- Cages (1998) by Dave McKean

Publication information
- Publisher: Tundra Publishing Kitchen Sink Press
- Schedule: Irregular
- Format: Limited series
- Genre: Fantasy;
- Publication date: December 1990 – May 1996
- No. of issues: 10

Creative team
- Created by: Dave McKean
- Written by: Dave McKean
- Penciller(s): Dave McKean Clare Haythornthwaite
- Inker(s): Dave McKean
- Letterer(s): Dave McKean
- Colorist(s): Dave McKean

Collected editions
- Hardcover: ISBN 0-87816-600-9
- Softcover: ISBN 1595823166

= Cages (comics) =

Comic book limited series by Dave McKean

Cages is a ten-issue comic book limited series by Dave McKean. It was published between 1990 and 1996, and later collected as a single volume.

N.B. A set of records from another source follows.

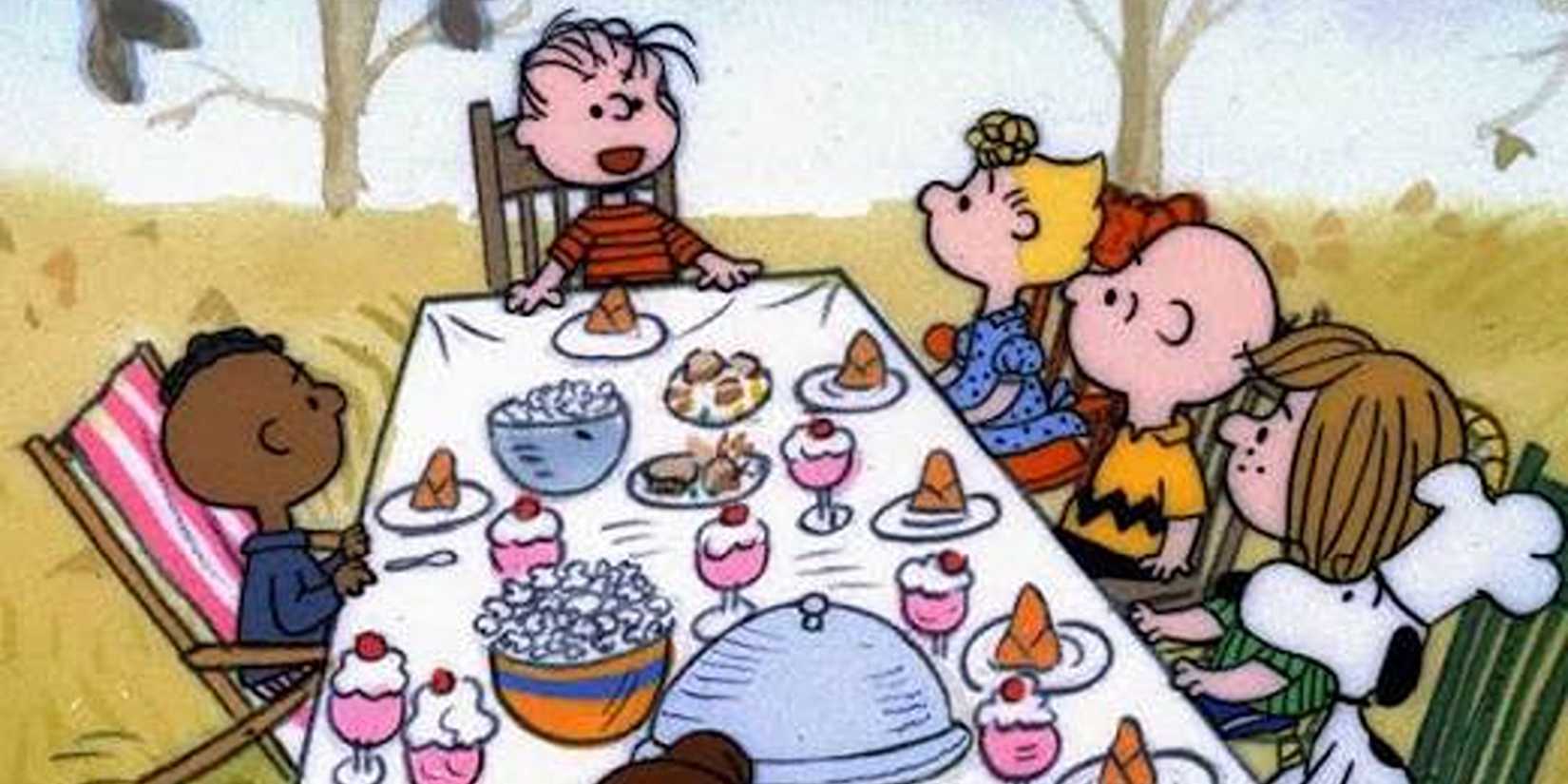 The cast of Peanuts
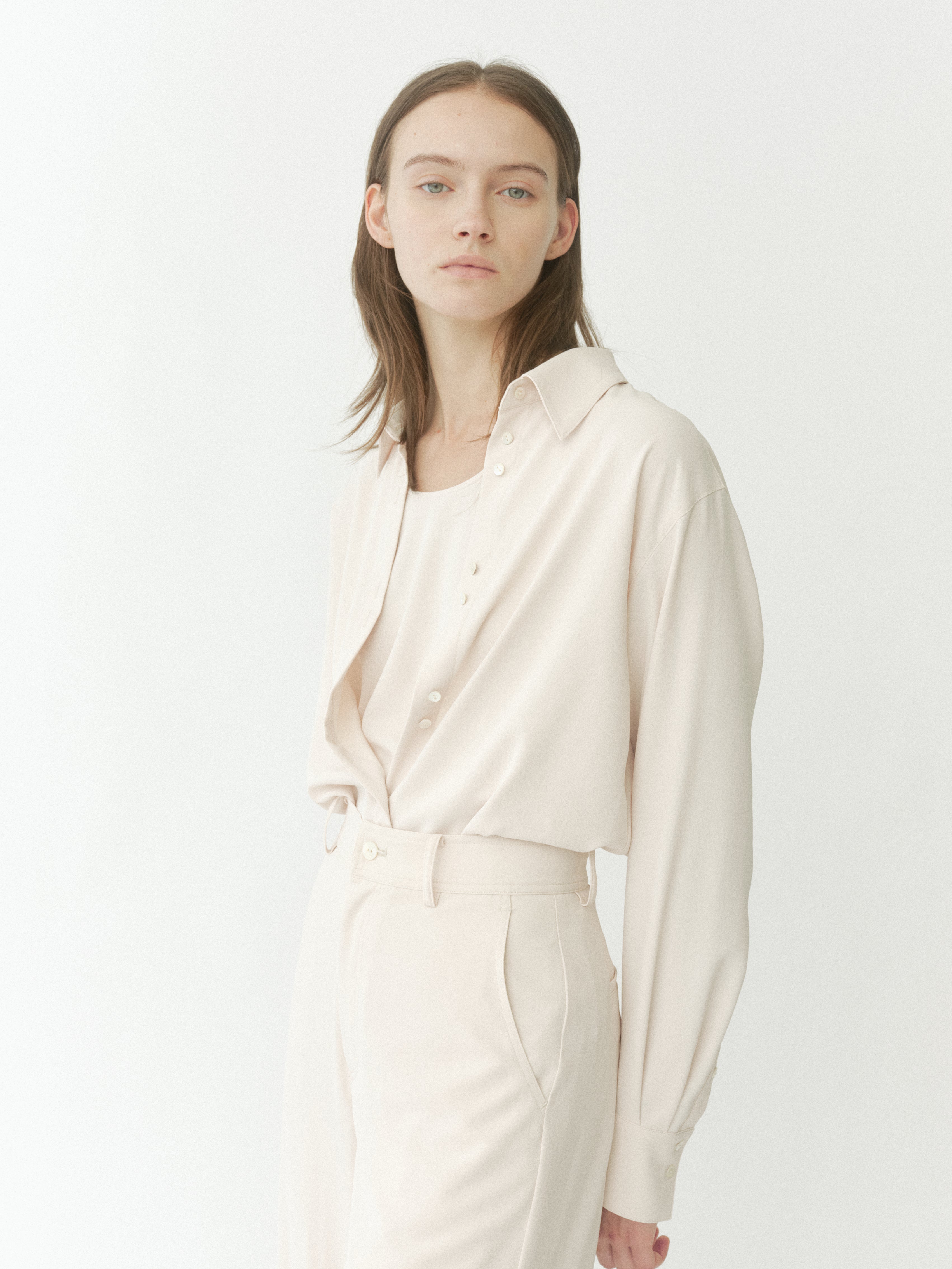 Fluid Matte Georgette Shirt
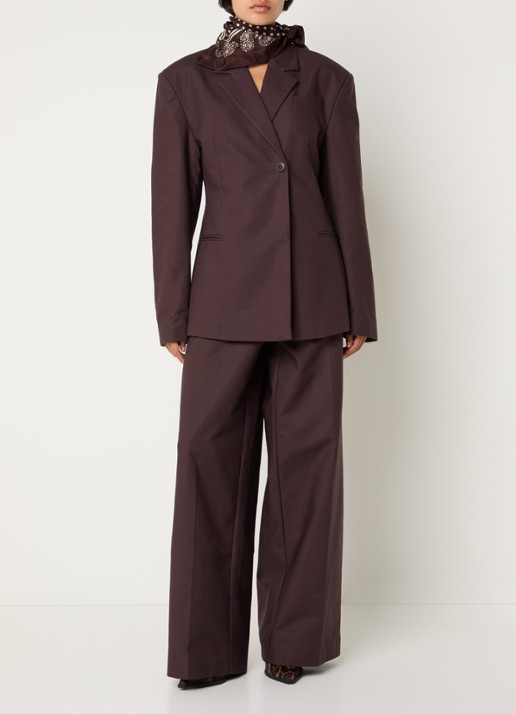 Sofie Schnoor Juvasw double-breasted blazer - voorkant 2 bruin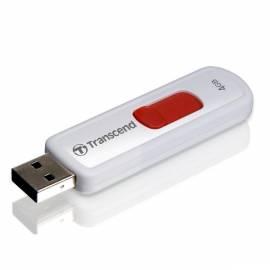 USB-flash-Disk TRANSCEND JetFlash 530 4GB, USB 2.0 (TS4GJF530) weiß/rot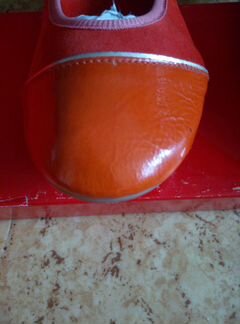 Балетки замшевые, р-р 36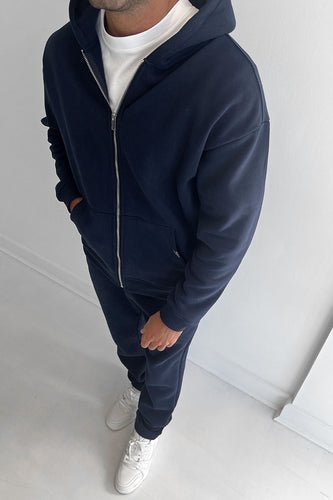 Essential Straight Leg Jogger - Navy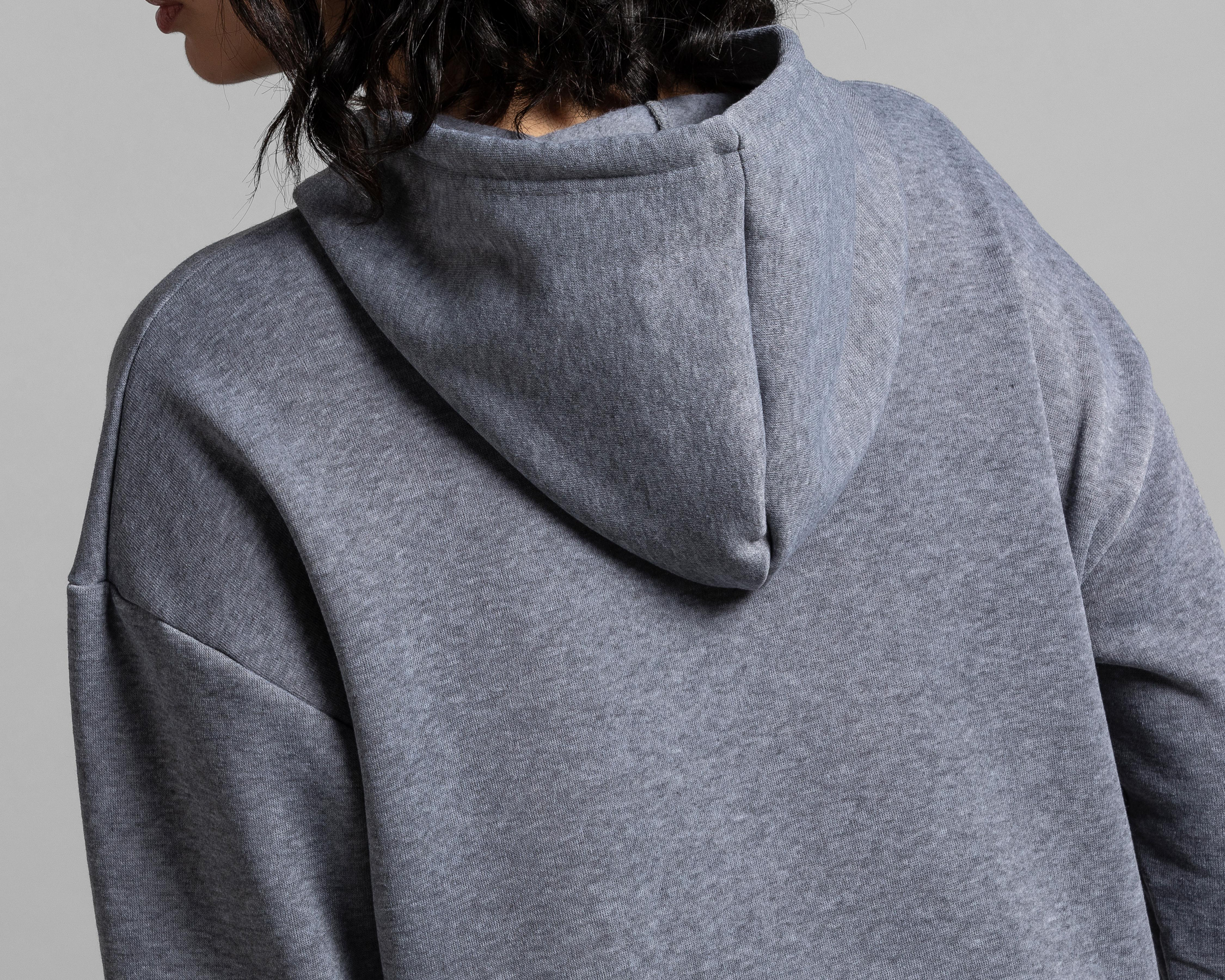 Foto 5 | Sudadera Thinner Gris con Gorro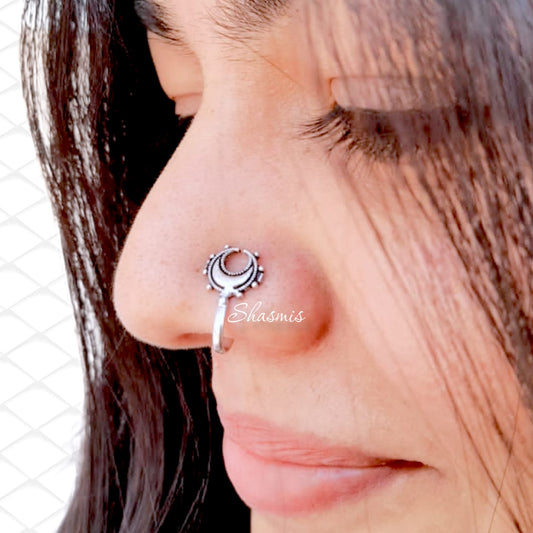Chand Silver Non-Pierced Nose Pin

Cages is a story about artists, belief, creativity and cats, illustrated in a stripped-down pen and ink style.

==Publication history==
The first seven issues of the series were published by American publisher Tundra (December 1990 - June 1993) and the last three by Kitchen Sink (August 1993 - May 1996).

==Collected editions==
Tundra collected the first three issues into one trade paperback in June 1991 (ISBN). Cages was eventually completely collected as a 500-page hardcover volume by Kitchen Sink Press in 1998 (ISBN 0878166009), and in a new edition by NBM Publishing in 2002 (ISBN 1561633194). Dark Horse Comics published a softcover edition in July 2009 (ISBN 1595823166) and a hardcover in October 2010 (ISBN 1595823166).

==Awards==
Cages won two Harvey Awards, for "Best New Series" in 1992, when it was also nominated for "Special Award For Excellence In Presentation" and "Best Artist", and "Best Graphic Album of Previously Published Work" in 1999.

It was also nominated for the "Best Finite Series" Eisner Award in 1993 and in the same year McKean was nominated for the "Best Cover Artist" Eisner Award for this work on Cages and Sandman.